Contemporary Art in Latin America
The idea of Mestizo,(mixed Spanish and Indigenous)and what that means to those Indigenous Mayans of Guatemala is a topic of interest to me. Not to implicate Pablo, but I was aware that he made a definite point of letting us know that Mestizo is his distinction. So I looked up some info on the relationships of the Mestizo and the Indigenous Mayans of the region, as I suspected racism and discrimination akin to what we experience here in the states. According to the online publication, Minority Rights Group International, the majority of the indigenous Mayan peoples and minority cultures, which includes those mixed African-Indigenous experience disrespect, violence, and negative treatment in the media. This brings to the forefront the question of access as it relates to what is considered curatable and marketable. This is a challenge most poor and disadvantaged people experience worldwide when it comes to it’s cultures artistic expression and general viability to the world at large. When it comes to the question of how one’s culture should be defined, with regard to poor folk, it often seems absent from the equation how those folk define themselves. With respect to the Guatemalan/Mayan culture there seems to be no exception to this dilemma, particularly with regard to it’s art and culture.
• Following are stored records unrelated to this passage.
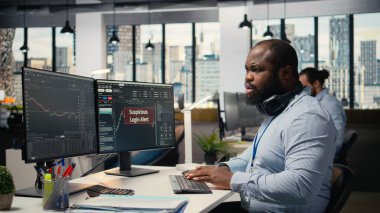 Prop firması simsarı, yazılım arayüzünde yapılan şüpheli giriş uyarısıyla panikledi. Komisyon çalışanı güvenlik uyarısı görüyor yetkisiz giriş aktivitesi uyarısı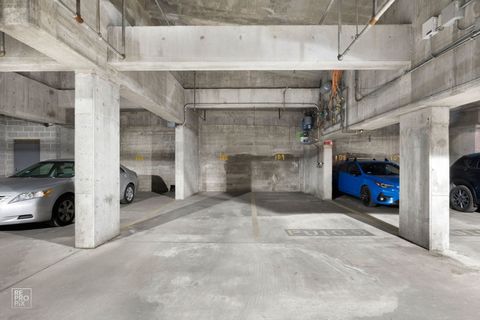 Tiny photo for 3325 N Lincoln Avenue #302, Chicago, IL 60657 (MLS # 12635825)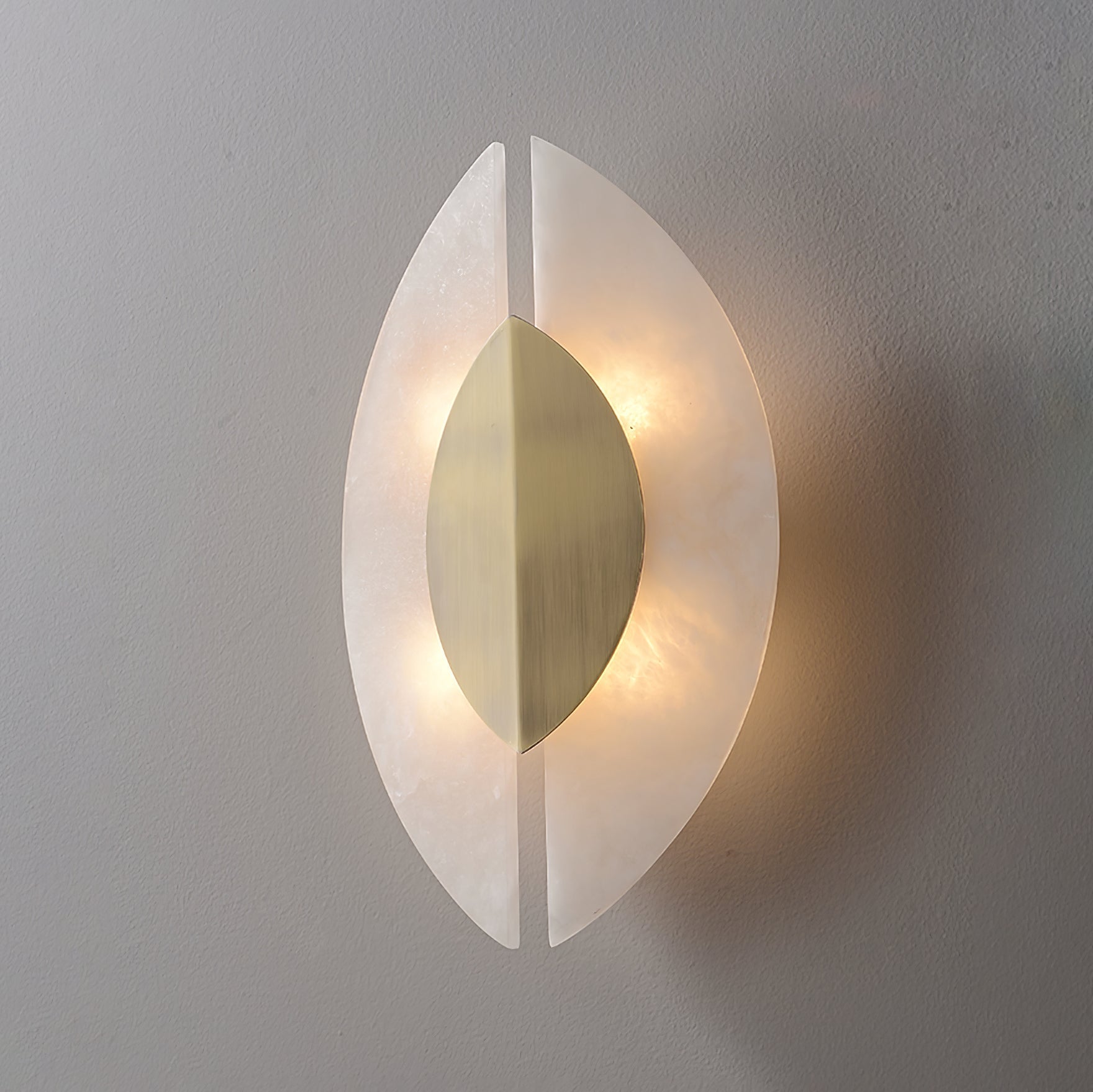 Solari Modern Alabaster Sconce
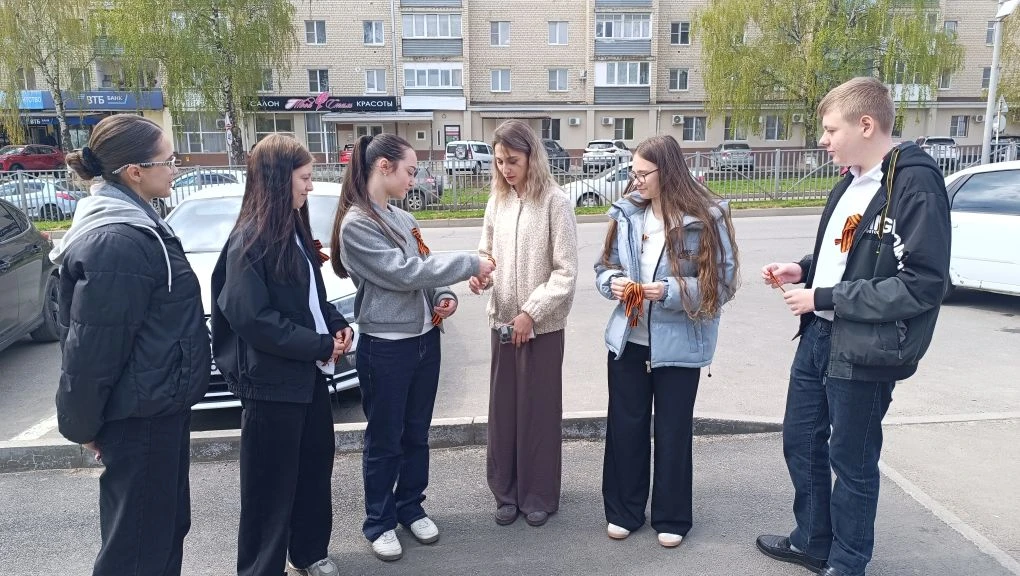 🇷🇺 Ученики нашей школы присоединились к Всероссийской акции «Георгиевская ленточка»!  Мы помним, как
In the reading Contemporary Art in Latin America I found themes which support my assertions. In the current globalized art scene we find Eurocentric notions and stereotypes as it relates to identity and intercultural dynamics. Speaking to this are the writings of Gerardo Mosquera in Against Latin American Art, where he talks about the Latin American predicament, a dividing of the coin in a sense as he speaks of hegemonic western meta-culture and internationalisation versus personalities of singular contexts, local traditions and the embracing of the ‘non-west’. Further reading of this text can make the case of a society willing to be short sold, as Oswald de Andrade coined the the term anthropophagy in 1928, which dealt with the idea of cultural appropriation or the inverse. His words were ‘it only interested him what was not his’. What came from this sentiment was an apparent reversing of the fundamentalist politics of authenticity. Instead of being imposed on by colonialism, anthropophagy voluntarily swallows dominant culture to it’s on benefit. I found this concept problematic as it seemed, in my opinion, to play into the idea of accepting the annihilation of cultures indigenous to the region and a decimation of it’s inherent voice. In support of this Heloisa Buarque De Hollanda warned that anthropophagy can stereotype a problematic concept of a carnivalizing identity that processes beneficial everything that is not its own. I find this interesting as it relates to an exploration and comparison of the ways americans of African decent deal with the charges of inequities that often lend to the vulnerabilities associated with a lack of social,economic and political standing. This too as it relates to the “curatable” and more importantly how american/world media represents it’s so called minority populations.